Mesmo os poetas que fingem um sofrimento, inventam e “fantasiam”, é o sofrimento de algum alguém. 
Como disse o filósofo paraense, Benedito Nunes, a catarse é um efeito estético provocado pela arte, cuja influência se estende ao plano moral da vida. Nossos pensamentos, sentimentos e atitudes recebem o efeito que as obras literárias transportam, como se levassem um poder latente que os poetas deram a elas. 
É com a dor deles – papel sangrado – que muitos de nós têm satisfação hoje. Quantas historinhas ficcionais não começaram de uma lágrima, que fez a mão ir amar-se do lápis e socorrer-se no papel?  

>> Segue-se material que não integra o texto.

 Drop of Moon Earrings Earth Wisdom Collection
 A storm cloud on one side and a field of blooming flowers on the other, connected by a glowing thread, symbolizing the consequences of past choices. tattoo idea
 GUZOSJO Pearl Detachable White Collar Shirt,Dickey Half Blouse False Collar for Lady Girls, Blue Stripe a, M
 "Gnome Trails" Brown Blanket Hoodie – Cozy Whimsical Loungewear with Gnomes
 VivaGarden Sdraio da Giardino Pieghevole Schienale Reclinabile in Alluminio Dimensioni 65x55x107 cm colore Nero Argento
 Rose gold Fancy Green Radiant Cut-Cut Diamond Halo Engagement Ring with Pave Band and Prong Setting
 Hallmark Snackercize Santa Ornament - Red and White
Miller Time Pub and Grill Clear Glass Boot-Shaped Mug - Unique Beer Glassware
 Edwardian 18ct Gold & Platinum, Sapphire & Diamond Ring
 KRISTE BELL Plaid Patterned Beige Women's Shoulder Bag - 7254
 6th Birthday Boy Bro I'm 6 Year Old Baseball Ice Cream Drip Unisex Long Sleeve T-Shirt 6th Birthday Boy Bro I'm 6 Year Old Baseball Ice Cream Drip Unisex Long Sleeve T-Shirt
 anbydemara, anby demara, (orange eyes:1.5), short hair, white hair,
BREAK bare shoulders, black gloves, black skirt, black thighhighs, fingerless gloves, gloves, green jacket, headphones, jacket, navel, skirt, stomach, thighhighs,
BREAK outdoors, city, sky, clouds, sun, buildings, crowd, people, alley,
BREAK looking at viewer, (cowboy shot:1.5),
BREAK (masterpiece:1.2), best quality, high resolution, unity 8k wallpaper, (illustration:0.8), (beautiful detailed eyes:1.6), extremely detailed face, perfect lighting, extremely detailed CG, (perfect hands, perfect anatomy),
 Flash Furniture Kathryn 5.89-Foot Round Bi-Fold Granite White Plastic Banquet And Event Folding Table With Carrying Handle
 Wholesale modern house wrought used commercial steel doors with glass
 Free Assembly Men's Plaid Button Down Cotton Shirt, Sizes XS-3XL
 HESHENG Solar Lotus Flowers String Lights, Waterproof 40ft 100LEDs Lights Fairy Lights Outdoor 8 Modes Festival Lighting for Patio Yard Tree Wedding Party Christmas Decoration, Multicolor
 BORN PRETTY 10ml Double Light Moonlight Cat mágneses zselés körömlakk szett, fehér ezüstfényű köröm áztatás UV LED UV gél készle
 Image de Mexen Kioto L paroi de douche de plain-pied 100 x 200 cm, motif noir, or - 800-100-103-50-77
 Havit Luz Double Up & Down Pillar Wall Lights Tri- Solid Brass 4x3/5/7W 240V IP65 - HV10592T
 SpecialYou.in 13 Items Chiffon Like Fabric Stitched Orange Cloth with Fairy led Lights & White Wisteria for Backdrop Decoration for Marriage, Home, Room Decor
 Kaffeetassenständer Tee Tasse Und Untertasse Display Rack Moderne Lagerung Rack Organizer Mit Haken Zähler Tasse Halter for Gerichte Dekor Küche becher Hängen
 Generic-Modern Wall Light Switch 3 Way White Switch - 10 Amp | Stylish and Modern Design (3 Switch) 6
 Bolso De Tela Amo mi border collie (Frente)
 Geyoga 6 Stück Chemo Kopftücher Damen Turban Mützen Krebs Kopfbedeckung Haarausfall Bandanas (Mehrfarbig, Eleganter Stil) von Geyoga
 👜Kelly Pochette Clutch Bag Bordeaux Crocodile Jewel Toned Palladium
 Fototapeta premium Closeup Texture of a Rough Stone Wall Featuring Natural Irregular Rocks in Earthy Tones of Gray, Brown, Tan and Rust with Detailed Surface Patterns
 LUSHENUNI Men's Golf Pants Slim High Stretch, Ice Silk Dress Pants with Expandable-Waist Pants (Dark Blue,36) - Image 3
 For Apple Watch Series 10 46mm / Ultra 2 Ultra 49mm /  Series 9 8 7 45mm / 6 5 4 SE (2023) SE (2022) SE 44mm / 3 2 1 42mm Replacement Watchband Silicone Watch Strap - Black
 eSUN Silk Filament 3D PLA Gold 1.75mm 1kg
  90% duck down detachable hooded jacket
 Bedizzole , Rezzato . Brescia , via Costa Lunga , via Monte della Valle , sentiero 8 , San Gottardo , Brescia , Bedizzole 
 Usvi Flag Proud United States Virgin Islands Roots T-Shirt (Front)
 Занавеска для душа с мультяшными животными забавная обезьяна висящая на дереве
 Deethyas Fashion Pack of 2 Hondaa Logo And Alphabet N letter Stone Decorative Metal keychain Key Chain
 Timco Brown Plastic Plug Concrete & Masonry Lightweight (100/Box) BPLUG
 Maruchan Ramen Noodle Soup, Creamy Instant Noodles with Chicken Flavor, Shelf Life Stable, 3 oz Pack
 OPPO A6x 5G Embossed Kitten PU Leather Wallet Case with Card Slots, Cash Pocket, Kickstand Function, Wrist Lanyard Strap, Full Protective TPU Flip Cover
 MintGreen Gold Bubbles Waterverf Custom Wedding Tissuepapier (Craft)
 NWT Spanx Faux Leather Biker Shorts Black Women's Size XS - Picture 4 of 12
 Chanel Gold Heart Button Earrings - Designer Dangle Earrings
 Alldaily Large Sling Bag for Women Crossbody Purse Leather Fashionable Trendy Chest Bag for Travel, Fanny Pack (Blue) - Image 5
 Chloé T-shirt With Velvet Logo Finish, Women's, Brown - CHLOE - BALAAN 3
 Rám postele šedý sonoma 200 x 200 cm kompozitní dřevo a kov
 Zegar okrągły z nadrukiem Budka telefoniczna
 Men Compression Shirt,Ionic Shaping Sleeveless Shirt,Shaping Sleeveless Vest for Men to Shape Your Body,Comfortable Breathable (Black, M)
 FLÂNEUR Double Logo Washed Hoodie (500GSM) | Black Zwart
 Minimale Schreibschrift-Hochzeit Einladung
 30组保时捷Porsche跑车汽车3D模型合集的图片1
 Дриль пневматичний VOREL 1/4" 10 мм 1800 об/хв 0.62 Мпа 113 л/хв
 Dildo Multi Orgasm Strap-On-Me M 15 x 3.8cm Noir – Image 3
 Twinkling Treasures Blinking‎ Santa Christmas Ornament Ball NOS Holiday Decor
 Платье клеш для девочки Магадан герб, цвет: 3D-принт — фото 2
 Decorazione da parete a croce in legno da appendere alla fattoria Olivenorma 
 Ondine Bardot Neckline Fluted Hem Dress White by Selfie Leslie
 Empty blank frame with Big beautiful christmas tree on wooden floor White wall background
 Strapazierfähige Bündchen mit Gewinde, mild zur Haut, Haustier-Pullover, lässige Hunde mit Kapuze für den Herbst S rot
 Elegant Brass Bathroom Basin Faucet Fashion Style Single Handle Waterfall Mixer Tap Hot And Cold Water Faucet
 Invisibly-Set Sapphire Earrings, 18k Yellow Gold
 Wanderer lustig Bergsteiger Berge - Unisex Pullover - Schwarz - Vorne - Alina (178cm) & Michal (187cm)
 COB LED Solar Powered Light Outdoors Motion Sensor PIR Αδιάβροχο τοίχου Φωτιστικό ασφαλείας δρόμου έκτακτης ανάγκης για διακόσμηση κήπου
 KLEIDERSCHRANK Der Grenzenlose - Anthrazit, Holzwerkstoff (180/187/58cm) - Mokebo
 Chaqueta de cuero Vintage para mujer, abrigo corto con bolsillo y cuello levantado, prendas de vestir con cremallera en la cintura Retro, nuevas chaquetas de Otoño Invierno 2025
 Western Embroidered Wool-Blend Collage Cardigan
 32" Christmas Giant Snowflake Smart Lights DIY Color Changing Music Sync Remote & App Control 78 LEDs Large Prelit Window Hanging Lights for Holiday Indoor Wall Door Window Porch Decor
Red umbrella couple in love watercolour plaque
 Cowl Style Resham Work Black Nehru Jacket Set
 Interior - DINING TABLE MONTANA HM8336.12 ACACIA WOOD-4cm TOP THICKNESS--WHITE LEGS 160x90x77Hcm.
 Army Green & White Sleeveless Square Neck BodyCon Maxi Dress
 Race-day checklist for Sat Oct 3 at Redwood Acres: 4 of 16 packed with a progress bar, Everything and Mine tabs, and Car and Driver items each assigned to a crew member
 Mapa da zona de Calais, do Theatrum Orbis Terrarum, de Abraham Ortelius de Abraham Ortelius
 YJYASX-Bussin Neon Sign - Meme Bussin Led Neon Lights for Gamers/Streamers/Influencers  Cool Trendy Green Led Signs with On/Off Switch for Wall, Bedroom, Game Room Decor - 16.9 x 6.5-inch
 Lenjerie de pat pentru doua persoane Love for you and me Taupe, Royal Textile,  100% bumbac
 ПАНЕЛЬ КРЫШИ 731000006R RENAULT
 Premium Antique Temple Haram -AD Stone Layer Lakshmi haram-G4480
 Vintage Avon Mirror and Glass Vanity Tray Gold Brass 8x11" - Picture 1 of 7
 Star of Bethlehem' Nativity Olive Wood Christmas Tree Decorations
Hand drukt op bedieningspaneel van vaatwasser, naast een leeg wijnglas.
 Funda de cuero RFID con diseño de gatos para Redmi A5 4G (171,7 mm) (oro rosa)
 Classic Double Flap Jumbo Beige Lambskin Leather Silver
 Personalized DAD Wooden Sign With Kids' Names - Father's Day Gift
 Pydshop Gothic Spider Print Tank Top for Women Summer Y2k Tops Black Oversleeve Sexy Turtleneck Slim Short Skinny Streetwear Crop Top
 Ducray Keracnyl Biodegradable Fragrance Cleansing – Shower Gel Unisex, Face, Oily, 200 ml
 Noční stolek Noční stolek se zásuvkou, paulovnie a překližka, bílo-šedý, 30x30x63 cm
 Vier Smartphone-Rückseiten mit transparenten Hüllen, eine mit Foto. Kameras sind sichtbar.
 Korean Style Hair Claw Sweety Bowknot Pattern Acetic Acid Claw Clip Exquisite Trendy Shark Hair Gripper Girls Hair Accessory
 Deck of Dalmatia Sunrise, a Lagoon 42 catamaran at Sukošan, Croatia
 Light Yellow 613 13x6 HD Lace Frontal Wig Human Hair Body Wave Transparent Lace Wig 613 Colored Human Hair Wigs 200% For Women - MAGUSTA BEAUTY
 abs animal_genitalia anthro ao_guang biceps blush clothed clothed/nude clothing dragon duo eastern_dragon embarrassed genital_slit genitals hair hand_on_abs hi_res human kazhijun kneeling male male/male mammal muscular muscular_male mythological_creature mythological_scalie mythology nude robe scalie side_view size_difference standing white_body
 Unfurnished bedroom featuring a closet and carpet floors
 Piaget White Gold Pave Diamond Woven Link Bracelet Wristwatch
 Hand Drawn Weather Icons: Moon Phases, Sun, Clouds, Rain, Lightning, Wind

É um fato extraordinário, sem sombra de dúvidas, porque opera uma transformação única nesse processo, em que a dor do outro faz brotar flores no jardim da minha mente e o cheiro delas no meu coração, a esperança. 
Precisamos desses artistas para alguma coisa? 
“O céu estrelado vale a dor do mundo”. Penso que, não poucas vezes, eu precisei da Adélia Prado falando isso pra mim. Ave, poeta mineira!

Do mesmo modo tenho uma dor. Sinto que é grande minha necessidade de me livrar dela. Escrevê-la. Eu diria: I need some “relief”, mas não como o Tyrion do Game of Thrones. Isto é, não preciso ver ninguém morrer.  

Mas, por enquanto, o único lugar que meu padecimento está escrito é no coração.